Als fünf Dienstmädchen bauen sich Anna Maria Mühe, Johanna Asch, Mackie Heilmann, Nadine Schori und Birthe Wolter vorne an der Rampe auf und stimmen den ersten Song an. Die Popsongs sind ein wesentliches Element der Neufassung „Stolz und Vorurteil *oder so“ (im Original: „Pride and Prejudice *sort of“), die Isobel McArthur nach dem Romanklassiker von Jane Austen verfasst hat und 2018 in Glasgow uraufgeführt wurde.
Fast jeder dieser musikalischen Auftritte bekommt Szenenapplaus bei der Premiere im Theater am Potsdamer Platz, der jährlich im Februar als Berlinale-Palast genutzt wird und der Komödie am Kurfürstendamm als Interimsspielstätte dient. Den Charme dieser Songs macht es aus, dass sie nicht unbedingt perfekt sind: es handelt sich bei den fünf Frauen um Schauspielerinnen und nicht um ausgebildete Sängerinnen.
Anna Marie Mühe
Die Prominenteste unter ihnen, Anna Maria Mühe, Tochter des zu früh verstorbenen Schauspiel-Paares Ulrich Mühe/Jenny Gröllmann, kennt das Publikum aus vielen Kino- und TV-Rollen. Sie gibt ihr Bühnen-Debüt als Elizabeth Bennet, die nach allerlei Irrungen und Intrigen doch ihr Glück mit Mr. Darcy (Nadine Schori, bekannt aus mehreren Inszenierungen von Katharina Thalbach).

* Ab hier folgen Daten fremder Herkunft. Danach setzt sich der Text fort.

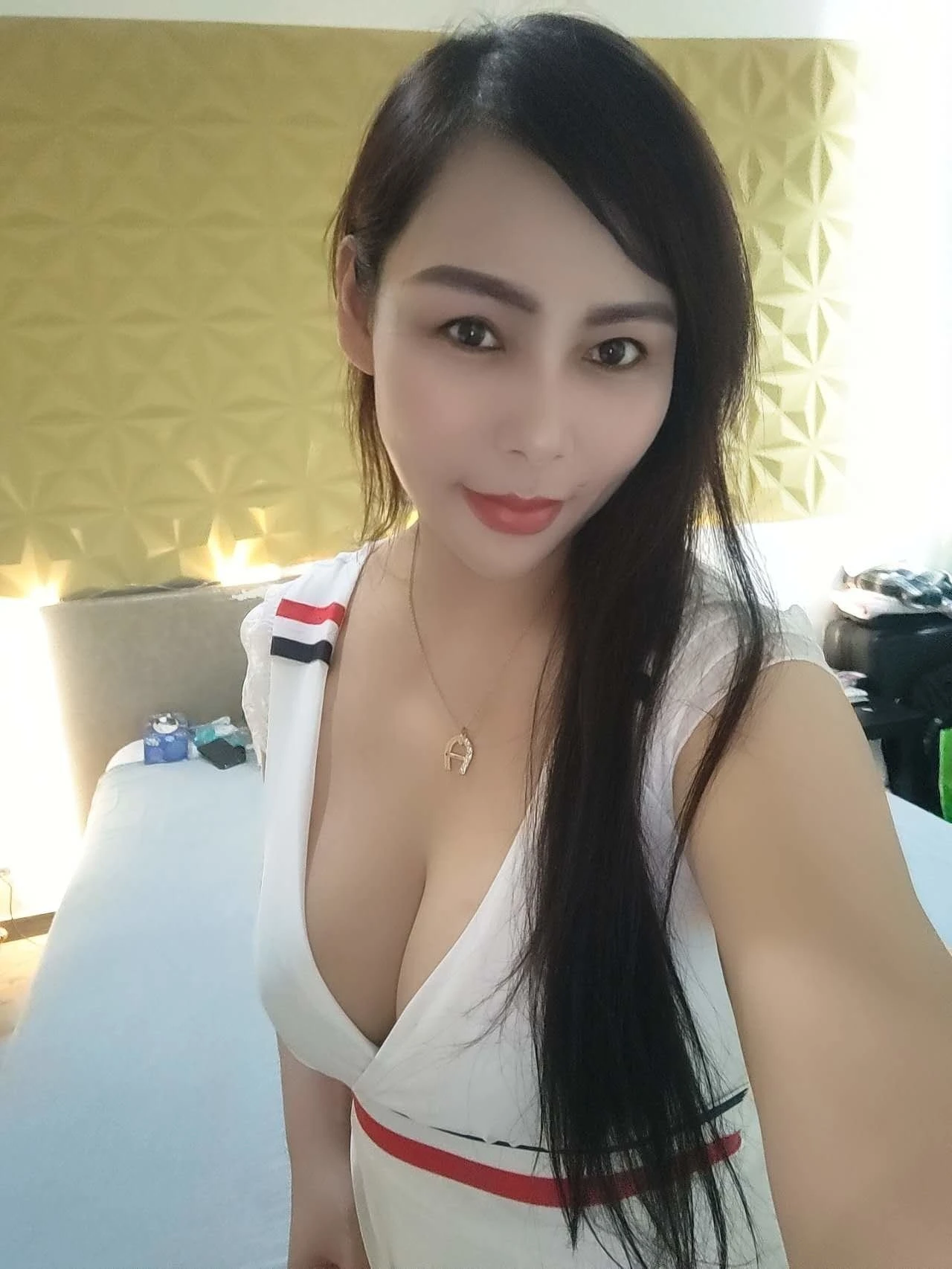 Carolin – Taiwanese escort in Mauritius — 4 / 5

Der Plot folgt der Handlung des bereits mehrfach verfilmten Romans, allerdings fehlen der Vorlage einige Stärken, die einen Boulevard-Hit ausmachen. Der Abend schleppt sich dahin. Die Pointen sind oft flach, einige Sprüche uralt („Ist Dein Vater Glaser?“ zu einer im Weg stehenden Spielerin), Running Gags wie die angebliche Unattraktivität der jüngsten Bennet-Schwester (Johanna Asch, die vor kurzem ihr Ernst Busch-Studium abgeschlossen hat) werden zu Tode geritten. Für Abwechslung sorgen die Songs und häufigen Kostümwechsel: die fünf Frauen teilen sich alle Rollen, auch die der Männer. Jeder von ihnen ist ein großer Container zugewiesen, der mitten auf der Bühne steht und auf dem der Vornamen der Spielerin in Großbuchstaben steht. Daraus bedienen sie sich mit dem Kostüm für die nächste Szene.
Mackie Hellmann
So spielt Schori neben dem Liebhaber Darcy auch die Mutter Bennet, die als hysterische Alkoholikerin ständig ihre Töchter verkuppeln will. Ähnlich aufgekratzt sind auch die anderen Figuren: eine Schwäche der Vorlage, die auch Margarete Affenzeller im Wiener „Standard“ nach der deutschsprachigen Erstaufführung des Stücks mit fünf Max Reinhardt-Studentinnen im Kasino des Burgtheaters im Spätsommer 2020 kritisierte.